Supplied records Start Marker
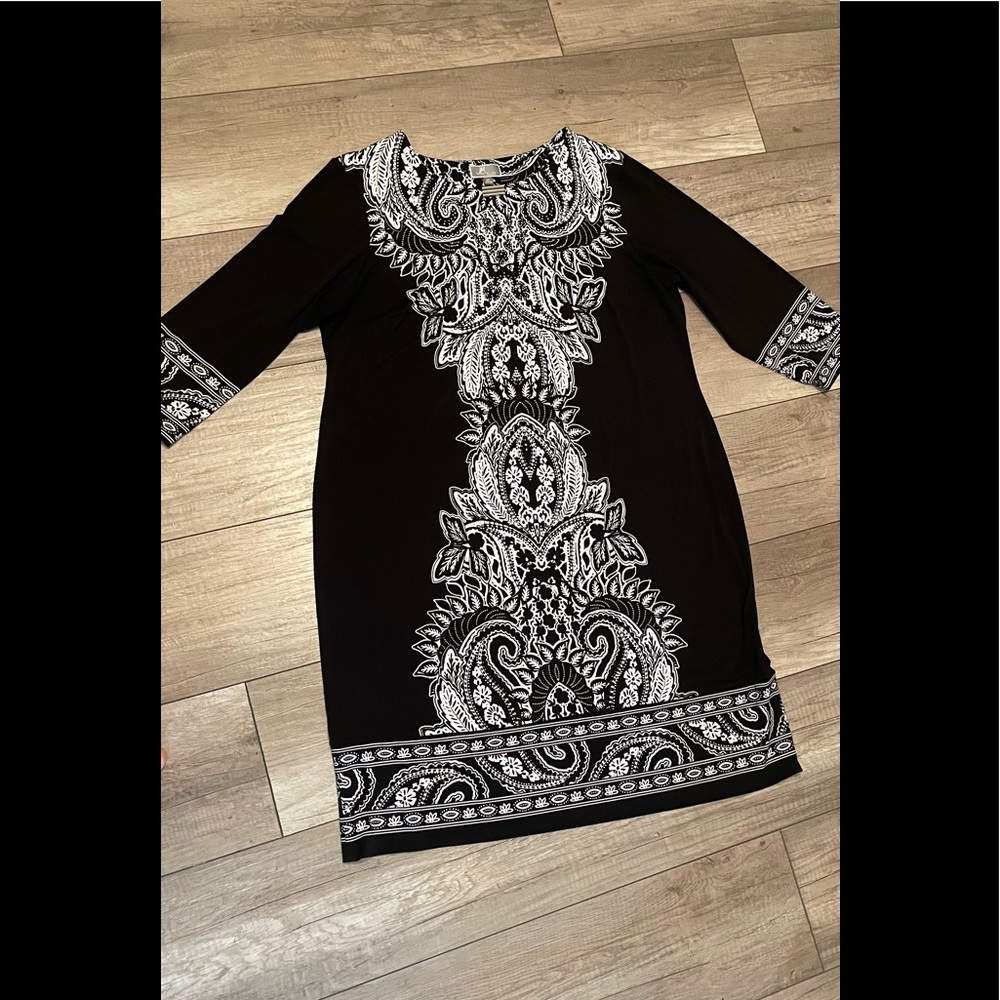 JM Collection Black Dress with White Paisley Print - Long Sleeve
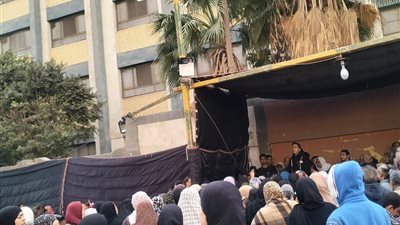 توافد المواطنين على لجان انتخابات مجلس النواب 2025 بمدرسة مصر الحرة في حلوان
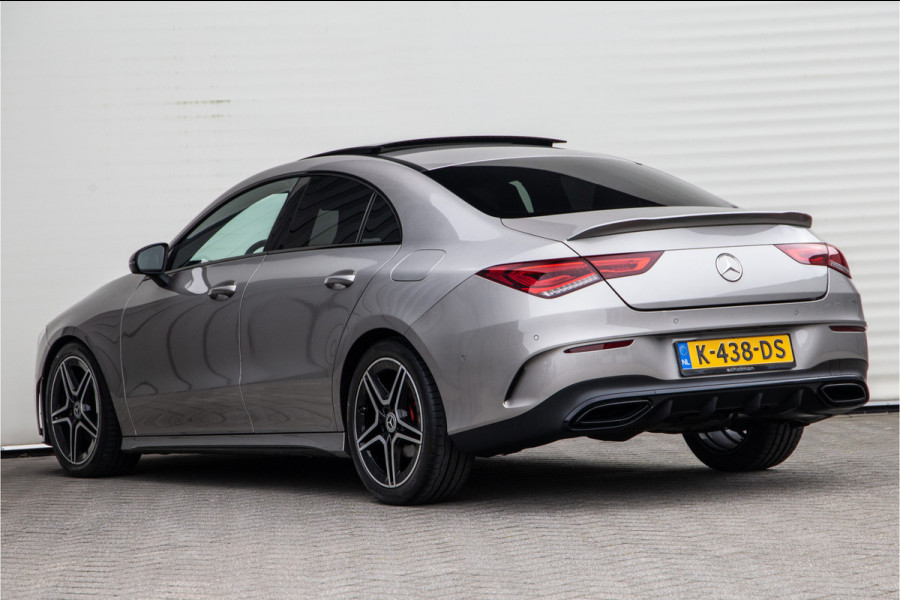 Mercedes-Benz CLA-Klasse 180 AMG Nightpakket, Pano, Widescreen, Sfeerverlichting, Camera 2020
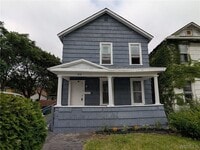 Building Photo - 616 7th St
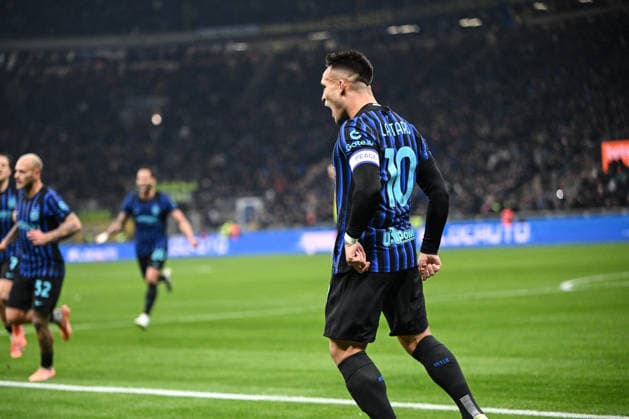 CALCIO - Serie A - Inter - FC Internazionale vs Como 1907 Lautaro Martinez of Fc Inter celebrating after a goal during the Italian Serie A football match between Inter FC Internazionale and Calcio Como on December 5th 2025 at Giuseppe Meazza San Siro Siro stadium in Milan, Italy Milan Italy  Copyright: xIPAxSport ABACAx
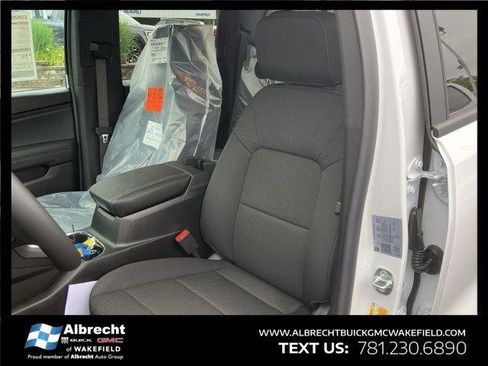 New 2025 GMC Canyon Elevation w/ Convenience Package image 6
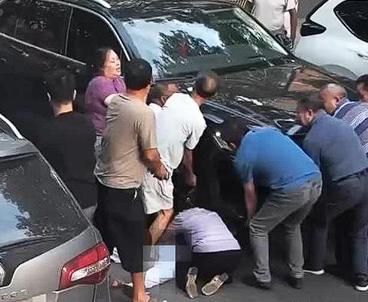 就想多看这种新闻！多危险！小女孩被卷到车底！多庆幸！团结的力量太伟大！一个5岁的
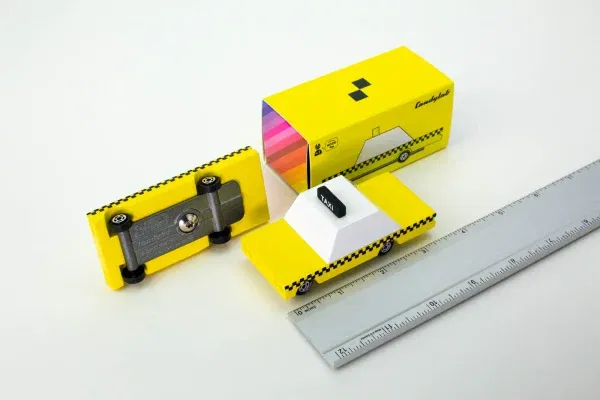 Candycar world Yellow Taxi Candylab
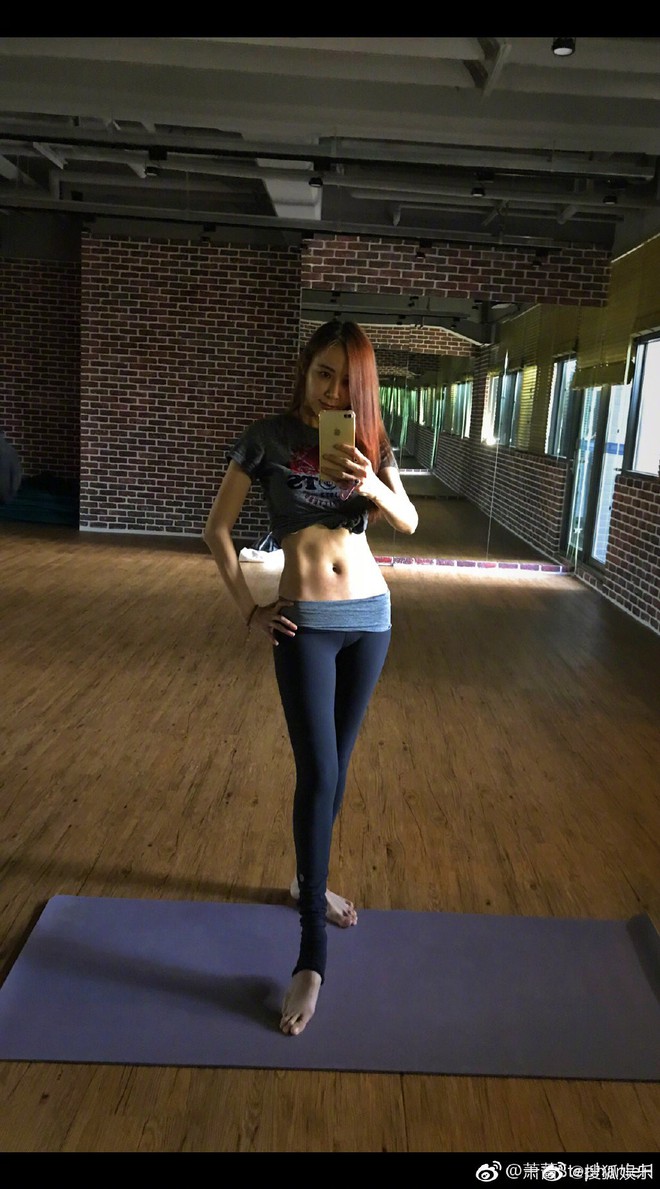 Body U55 của thảm hoạ thẩm mỹ xứ Đ&agrave;i g&acirc;y b&atilde;o: B&oacute;ng lưng khoe eo thon đ&aacute;ng kinh ngạc chấp cả thiếu nữ đ&ocirc;i mươi - Ảnh 7.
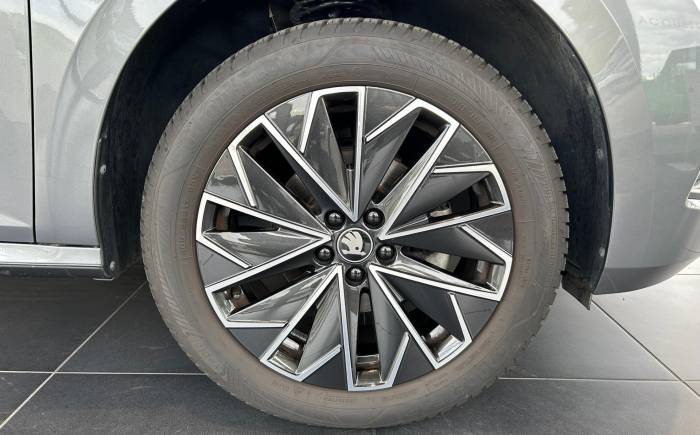 SKODA KAMIQ 1.0 tsi evo 2 116 ch bvm6 selection *** super equipee avec pack design noir et pneus 4 saisons ***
Supplied records End Marker
## What needs to be done
Copy needed, without pictures: the lines of the listing above from the line containing "Mercedes-Benz CLA-Klasse 180" up to and including the line containing "Building Photo - 616 7th St", set down exactly.

## Answer space
 Mercedes-Benz CLA-Klasse 180 AMG Nightpakket, Pano, Widescreen, Sfeerverlichting, Camera 2020
 Building Photo - 616 7th St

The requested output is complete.